Das 6 Minuten Tagebuch
#strokehack: Ich habe mich für das 6 Minuten Tagebuch entschieden. Es bietet mir die o.g. Möglichkeiten und gepaart mit meiner Strategie, mich nicht abzustrafen, wenn ich es nicht jeden Tag schaffe, führe ich regelmäßig unregelmäßig seit über einem Jahr ein Tagebuch. Ich mag dieses Tagebuchformat gern, weil es mich ein wenig anleitet zu reflektieren und die positiven Momente des Lebens hervorhebt. Als weiteren Baustein zu meiner stabilen emotionalen Stärke, habe ich die Meditation und dazugehörige buddhistische Schriften und Lehren entdeckt. Vielleicht denkst du: ist nicht wirklich neu, ist ja logisch oder du denkst: was für ein Schrott- Das funktioniert sowieso nicht. Wenn du dich schon mit Meditation und Achtsamkeit auseinander gesetzt hast, wirst du mir zustimmen, dass es natürlich nicht die Lösung für alle Probleme der Welt ist, aber wenn die Welt sich mehr mit Meditation und den Lehren, von zum Beispiel Thich Nhat Hanh, auseinander setzen würde, hätten wir auf der Welt deutlich weniger Probleme. Für jeden Einzelnen bieten beide Aktivitäten tolle Möglichkeiten der Reflexion und Weiterentwicklung des eigenes Geistes. Auch hier gilt: Fang an zu suchen, und du findest deinen Weg. Aber nicht, dass du denkst, ein bisschen von dem und ein bisschen von dem anderen, und schon wird man Zen Master und erleuchtet wie der Dalai Lama. Nein, es ist ein täglicher Kampf mit dem Geist und dem Schweinehund, und ich gewinne nicht jeden Tag. Neulich gerade habe ich wieder verloren und fühlte mich den ganzen Tag mies. Aber ich wusste, wenn ich schlafe und einen neuen Tag beginne, habe ich eine neue Möglichkeit, es heute ein kleines bisschen besser zu machen als gestern. Und das wiederum klappt meistens. Wenn ich das schaffe, kannst du es auch. Easy.

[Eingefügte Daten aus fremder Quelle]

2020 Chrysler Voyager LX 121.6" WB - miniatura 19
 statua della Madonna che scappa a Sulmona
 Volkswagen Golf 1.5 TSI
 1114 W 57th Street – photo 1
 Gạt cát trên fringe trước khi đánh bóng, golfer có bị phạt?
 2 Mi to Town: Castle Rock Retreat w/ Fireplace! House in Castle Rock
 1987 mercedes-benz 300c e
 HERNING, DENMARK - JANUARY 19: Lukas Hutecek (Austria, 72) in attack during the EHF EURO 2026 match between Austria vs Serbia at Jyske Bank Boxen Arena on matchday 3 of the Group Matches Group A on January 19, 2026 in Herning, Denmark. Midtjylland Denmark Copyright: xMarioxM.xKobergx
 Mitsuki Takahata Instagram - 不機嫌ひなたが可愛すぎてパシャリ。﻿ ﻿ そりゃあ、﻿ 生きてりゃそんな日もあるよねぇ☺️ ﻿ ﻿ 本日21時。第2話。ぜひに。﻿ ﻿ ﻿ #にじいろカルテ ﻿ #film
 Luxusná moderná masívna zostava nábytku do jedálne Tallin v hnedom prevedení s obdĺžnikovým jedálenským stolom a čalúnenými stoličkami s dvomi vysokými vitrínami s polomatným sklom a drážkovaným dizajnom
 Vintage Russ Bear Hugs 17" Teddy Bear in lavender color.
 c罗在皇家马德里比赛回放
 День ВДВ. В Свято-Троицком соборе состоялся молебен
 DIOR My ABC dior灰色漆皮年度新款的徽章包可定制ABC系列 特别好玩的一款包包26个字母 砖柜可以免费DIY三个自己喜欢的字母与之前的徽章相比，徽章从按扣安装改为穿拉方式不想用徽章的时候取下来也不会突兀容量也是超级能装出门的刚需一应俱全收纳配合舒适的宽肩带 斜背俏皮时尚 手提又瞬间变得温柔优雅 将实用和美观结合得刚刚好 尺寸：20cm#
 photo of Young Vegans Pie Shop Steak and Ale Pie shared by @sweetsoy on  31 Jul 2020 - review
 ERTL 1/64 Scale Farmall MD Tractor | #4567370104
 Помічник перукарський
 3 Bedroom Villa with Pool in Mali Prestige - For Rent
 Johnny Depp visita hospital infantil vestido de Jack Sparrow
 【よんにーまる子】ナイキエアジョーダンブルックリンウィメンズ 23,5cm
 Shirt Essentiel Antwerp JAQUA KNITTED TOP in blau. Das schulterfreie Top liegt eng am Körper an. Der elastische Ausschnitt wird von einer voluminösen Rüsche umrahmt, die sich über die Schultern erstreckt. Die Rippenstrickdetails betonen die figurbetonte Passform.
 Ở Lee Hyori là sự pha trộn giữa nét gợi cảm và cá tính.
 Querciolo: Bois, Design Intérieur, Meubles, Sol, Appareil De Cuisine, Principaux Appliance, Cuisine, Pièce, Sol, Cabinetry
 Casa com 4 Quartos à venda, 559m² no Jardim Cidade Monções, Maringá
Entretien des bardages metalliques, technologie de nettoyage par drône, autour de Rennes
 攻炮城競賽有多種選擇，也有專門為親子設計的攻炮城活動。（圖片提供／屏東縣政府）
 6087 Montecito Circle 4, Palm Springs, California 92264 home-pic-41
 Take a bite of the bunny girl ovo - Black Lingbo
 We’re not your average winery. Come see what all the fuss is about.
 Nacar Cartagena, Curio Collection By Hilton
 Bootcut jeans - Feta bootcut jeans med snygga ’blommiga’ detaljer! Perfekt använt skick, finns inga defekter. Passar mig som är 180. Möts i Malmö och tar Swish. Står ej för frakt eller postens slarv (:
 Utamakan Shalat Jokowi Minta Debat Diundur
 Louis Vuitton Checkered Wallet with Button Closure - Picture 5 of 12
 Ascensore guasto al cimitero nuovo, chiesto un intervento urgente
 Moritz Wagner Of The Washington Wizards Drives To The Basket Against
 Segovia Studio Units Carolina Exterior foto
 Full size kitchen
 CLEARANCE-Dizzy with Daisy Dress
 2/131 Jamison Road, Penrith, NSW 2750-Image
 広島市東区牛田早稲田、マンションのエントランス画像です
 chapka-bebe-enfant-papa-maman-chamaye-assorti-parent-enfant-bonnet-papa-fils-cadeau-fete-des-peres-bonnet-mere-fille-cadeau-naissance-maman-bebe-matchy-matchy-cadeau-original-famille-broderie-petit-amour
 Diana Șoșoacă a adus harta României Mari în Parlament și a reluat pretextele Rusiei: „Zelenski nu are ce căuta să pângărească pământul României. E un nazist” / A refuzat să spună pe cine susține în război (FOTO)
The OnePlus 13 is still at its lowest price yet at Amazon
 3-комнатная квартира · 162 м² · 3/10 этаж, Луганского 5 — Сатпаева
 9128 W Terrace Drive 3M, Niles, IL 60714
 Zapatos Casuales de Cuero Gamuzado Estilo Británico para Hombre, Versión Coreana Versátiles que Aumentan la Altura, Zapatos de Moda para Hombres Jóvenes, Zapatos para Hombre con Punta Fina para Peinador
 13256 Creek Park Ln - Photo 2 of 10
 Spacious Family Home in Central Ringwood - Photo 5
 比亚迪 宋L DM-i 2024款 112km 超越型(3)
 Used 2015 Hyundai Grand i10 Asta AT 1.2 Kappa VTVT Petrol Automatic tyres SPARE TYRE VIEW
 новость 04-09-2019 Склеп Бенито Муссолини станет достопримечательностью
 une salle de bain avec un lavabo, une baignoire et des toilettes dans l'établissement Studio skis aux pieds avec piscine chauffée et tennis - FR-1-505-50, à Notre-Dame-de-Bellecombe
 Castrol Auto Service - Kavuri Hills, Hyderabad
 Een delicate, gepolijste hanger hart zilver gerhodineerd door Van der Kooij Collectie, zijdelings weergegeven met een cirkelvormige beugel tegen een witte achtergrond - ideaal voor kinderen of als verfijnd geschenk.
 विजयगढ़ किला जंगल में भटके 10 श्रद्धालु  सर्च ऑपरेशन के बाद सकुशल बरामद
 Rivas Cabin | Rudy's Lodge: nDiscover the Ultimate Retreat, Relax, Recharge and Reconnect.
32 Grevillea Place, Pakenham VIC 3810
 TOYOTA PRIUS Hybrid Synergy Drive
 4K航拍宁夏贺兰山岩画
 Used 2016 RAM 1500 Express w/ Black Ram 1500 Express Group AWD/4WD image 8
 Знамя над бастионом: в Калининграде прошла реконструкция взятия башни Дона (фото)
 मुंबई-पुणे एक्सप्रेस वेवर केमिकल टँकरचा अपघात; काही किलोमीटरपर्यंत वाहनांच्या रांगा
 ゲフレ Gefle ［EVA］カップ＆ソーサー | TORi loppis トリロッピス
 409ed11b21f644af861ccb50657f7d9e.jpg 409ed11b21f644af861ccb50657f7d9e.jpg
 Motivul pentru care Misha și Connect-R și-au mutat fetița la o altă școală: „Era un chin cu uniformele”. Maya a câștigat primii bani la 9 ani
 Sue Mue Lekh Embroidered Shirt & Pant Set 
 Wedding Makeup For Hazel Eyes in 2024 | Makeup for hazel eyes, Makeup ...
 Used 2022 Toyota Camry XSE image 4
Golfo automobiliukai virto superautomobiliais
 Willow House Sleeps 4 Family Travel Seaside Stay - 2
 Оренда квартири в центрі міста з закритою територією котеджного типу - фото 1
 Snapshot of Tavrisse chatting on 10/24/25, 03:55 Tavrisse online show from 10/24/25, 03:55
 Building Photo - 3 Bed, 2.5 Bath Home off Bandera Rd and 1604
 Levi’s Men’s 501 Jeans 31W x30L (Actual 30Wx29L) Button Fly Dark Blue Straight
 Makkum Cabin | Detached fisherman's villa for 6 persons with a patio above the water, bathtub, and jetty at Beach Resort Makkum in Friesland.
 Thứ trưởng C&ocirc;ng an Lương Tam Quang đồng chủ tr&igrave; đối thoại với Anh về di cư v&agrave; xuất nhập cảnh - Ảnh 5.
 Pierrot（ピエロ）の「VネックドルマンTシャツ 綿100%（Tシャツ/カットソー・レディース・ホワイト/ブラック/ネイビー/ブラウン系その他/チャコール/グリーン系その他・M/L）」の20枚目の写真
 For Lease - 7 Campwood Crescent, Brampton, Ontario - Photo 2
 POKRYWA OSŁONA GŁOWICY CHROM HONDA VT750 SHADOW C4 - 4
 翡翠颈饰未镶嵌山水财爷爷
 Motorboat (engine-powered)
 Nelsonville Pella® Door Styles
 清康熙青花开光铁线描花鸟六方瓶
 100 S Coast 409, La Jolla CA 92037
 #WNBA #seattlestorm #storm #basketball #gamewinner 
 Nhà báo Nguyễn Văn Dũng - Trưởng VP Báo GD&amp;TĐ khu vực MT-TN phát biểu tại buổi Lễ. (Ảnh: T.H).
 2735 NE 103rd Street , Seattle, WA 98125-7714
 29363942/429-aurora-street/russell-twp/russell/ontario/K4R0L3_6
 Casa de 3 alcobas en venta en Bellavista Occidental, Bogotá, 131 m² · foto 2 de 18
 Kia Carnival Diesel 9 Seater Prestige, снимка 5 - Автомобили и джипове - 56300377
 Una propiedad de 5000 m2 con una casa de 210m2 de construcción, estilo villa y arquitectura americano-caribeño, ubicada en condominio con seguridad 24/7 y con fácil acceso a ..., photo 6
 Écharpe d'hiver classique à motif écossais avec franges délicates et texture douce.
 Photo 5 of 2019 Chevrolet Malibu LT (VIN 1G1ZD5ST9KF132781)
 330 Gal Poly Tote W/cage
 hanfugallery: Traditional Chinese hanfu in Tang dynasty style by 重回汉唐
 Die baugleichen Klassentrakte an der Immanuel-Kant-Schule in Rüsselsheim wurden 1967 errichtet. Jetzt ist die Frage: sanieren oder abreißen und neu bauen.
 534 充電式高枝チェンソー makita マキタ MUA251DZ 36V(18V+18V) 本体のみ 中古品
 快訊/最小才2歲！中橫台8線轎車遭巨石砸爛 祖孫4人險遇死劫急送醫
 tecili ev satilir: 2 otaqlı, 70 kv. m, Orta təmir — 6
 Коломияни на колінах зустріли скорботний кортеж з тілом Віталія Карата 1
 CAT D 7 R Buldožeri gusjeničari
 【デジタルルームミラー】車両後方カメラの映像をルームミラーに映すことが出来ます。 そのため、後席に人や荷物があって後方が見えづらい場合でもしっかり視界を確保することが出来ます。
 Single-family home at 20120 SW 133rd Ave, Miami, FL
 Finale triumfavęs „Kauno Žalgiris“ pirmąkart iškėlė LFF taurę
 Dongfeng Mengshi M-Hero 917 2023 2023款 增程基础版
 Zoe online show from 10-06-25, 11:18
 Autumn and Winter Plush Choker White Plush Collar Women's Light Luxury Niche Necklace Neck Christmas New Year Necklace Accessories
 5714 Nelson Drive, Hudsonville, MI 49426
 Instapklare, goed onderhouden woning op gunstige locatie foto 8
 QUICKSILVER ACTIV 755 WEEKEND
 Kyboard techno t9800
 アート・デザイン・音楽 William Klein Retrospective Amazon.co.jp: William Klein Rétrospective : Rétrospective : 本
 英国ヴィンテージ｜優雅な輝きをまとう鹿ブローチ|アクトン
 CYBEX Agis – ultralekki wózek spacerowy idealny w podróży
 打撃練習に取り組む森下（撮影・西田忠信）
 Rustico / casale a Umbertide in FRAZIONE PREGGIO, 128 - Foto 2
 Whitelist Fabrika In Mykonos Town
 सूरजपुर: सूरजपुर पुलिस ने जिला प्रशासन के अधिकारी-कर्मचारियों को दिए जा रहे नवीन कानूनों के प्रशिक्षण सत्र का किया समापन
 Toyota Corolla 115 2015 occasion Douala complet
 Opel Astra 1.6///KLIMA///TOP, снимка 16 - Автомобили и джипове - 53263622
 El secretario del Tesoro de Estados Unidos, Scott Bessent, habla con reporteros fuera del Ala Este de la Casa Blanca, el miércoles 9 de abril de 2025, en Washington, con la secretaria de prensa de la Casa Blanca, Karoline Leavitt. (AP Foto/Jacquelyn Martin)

Selbsthilfegruppen als Stütze für stabile Emotionen
Wenn es alleine schwierig ist, such dir ein paar Gleichgesinnte und gründe eine Selbsthilfegruppe. Ich hatte im letzten Kapitel angekündigt, meine Erfahrungen zu dem Thema zu teilen. Hier sind sie:#exkurs Selbsthilfegruppen: Während meines Aufenthalts in der Tagesklinik, habe ich viele tolle Menschen kennengelernt. Irgendwann waren die ersten von ihnen fertig mit ihrem Aufenthalt oder bereiteten sich auf die „Freilassung“ vor. Schnell wurde uns klar, dass neben professioneller und ambulanter Therapie, das Gespräch zwischen uns “Kloppies”, mindestens genauso wichtig ist wie die Therapeutengespräche. Also beschlossen 4 von uns eine Gruppe zu gründen. Zunächst ganz informell mit der Möglichkeit, die Gruppe später der Allgemeinheit zugänglich zu machen. Es entstand der “Freundeskreis Stark durch Krisen“. Die Gruppe war nicht speziell für Schlaganfallpatienten. Jeder von uns hatte seine ganz eigene Krise zu bewältigen. Es war eine kleine und homogene Gruppe. Wir haben einen Ablauf entwickelt, der uns durch die Sitzungen leitete, so dass jeder am Ende etwas positives mitnehmen konnte. Es kam nie zu der kompletten Öffnung der Gruppe für Außenstehende, denn schon eine erste Erweiterung brachte Unruhe und das Gleichgewicht der Gruppe auseinander. Wie das mit solchen Gruppen ist, waren wir natürlich alle an unterschiedlichen Punkten unserer Genesung, und so schieden die ersten schon wieder aus, bevor neue Mitglieder sich anschlossen. In meiner Erfahrung ist homogen für eine Selbsthilfegruppe gut, aber mehr auf die Herangehensweise bezogen, als auf charakterlichen Eigenschaften. Unsere Gruppe existierte noch eine Weile, aber in sehr reduzierter Form. Das macht aber nichts. Solange die Beteiligten etwas Positives mitnahmen, erfüllte sie ihren Zweck. Hier noch einmal Danke an Merle, Frauke und Max. Auch wenn wir uns inzwischen nicht mehr treffen, denke ich oft an euch, und ihr habt mir durch eine echt miese Zeit geholfen. Dafür bin ich euch immer dankbar.